YOUR TASK:
Write out every line of the material as it stands, apart from the pictures.

DATA BLOCK:
**********

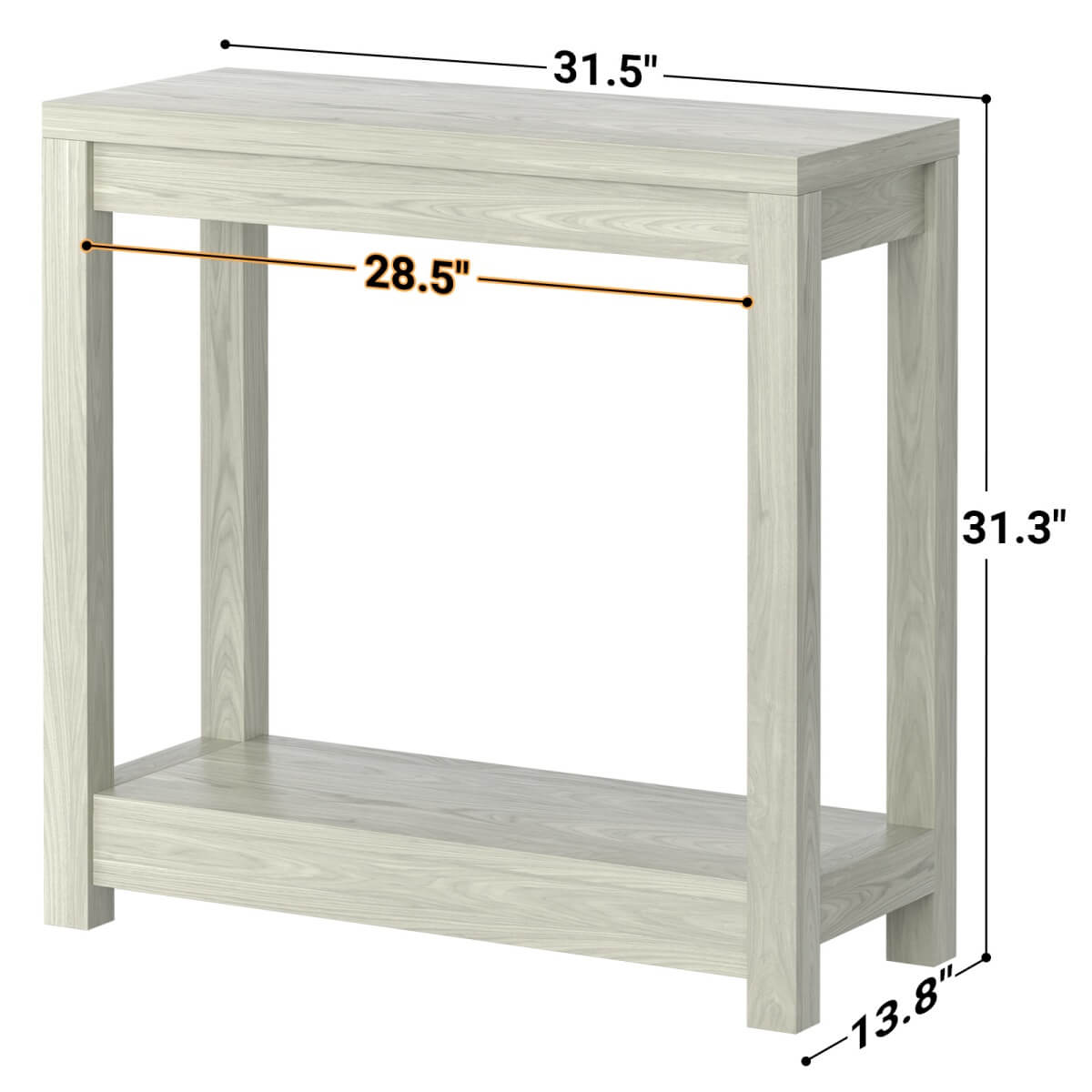 32 Inch Small Farmhouse Wood Narrow Console Table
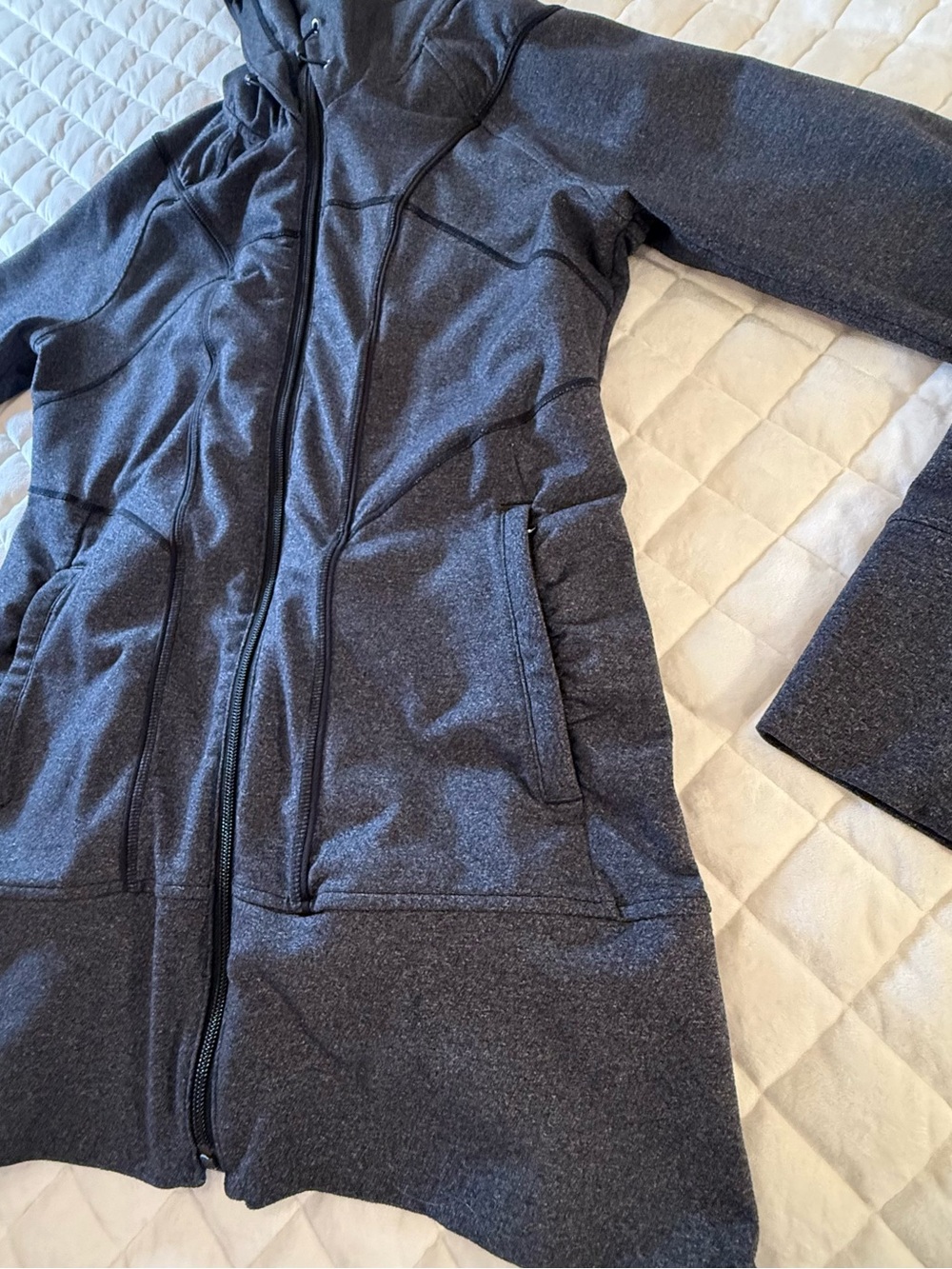 Athleta Rishi Full Zip Yoga Hoodie Jacket Charcoal Dark Gray Medium M
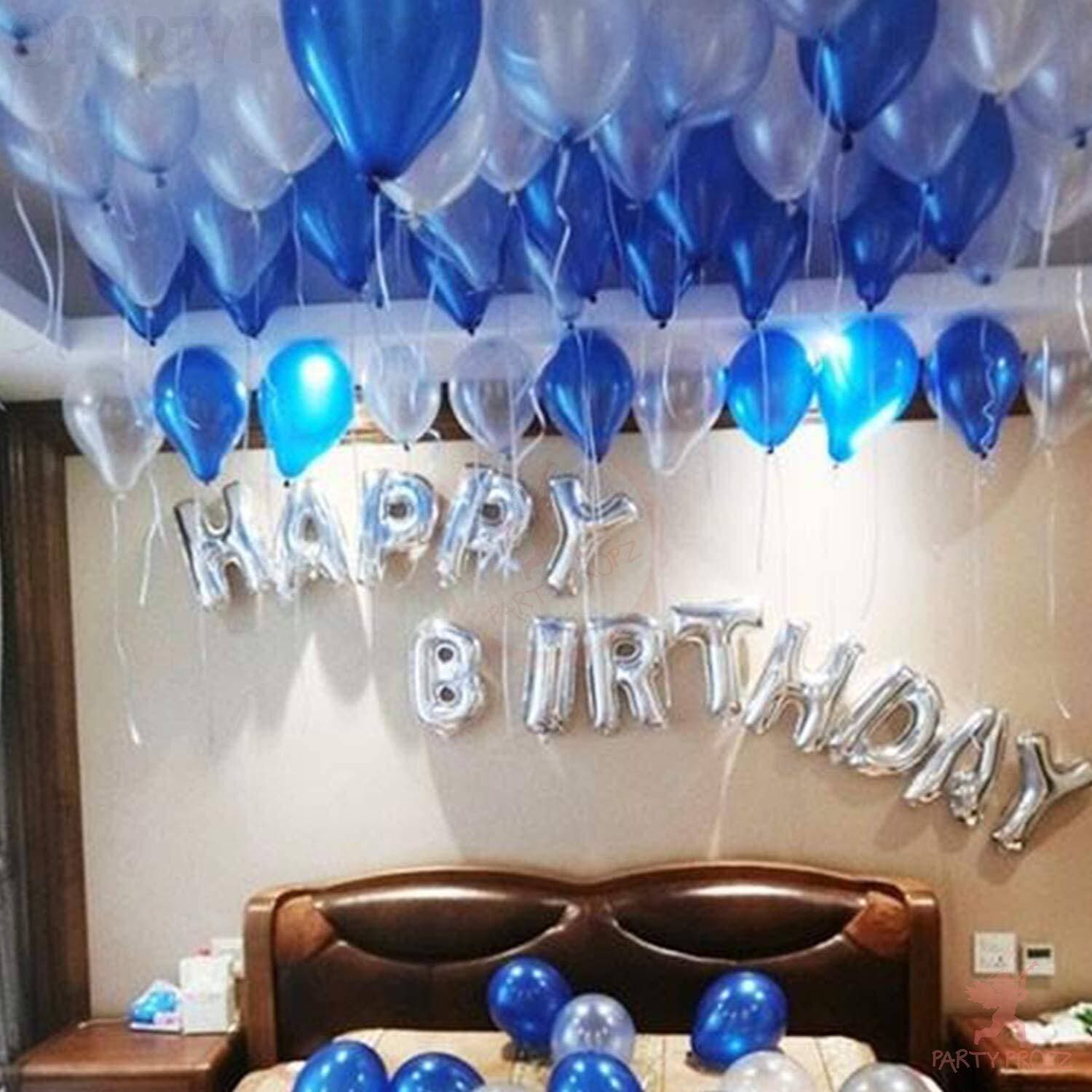 Happy Birthday Silver With Blue & Black Balloons Theme Set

**********

RESPONSE:
 32 Inch Small Farmhouse Wood Narrow Console Table
 Athleta Rishi Full Zip Yoga Hoodie Jacket Charcoal Dark Gray Medium M
 Happy Birthday Silver With Blue & Black Balloons Theme Set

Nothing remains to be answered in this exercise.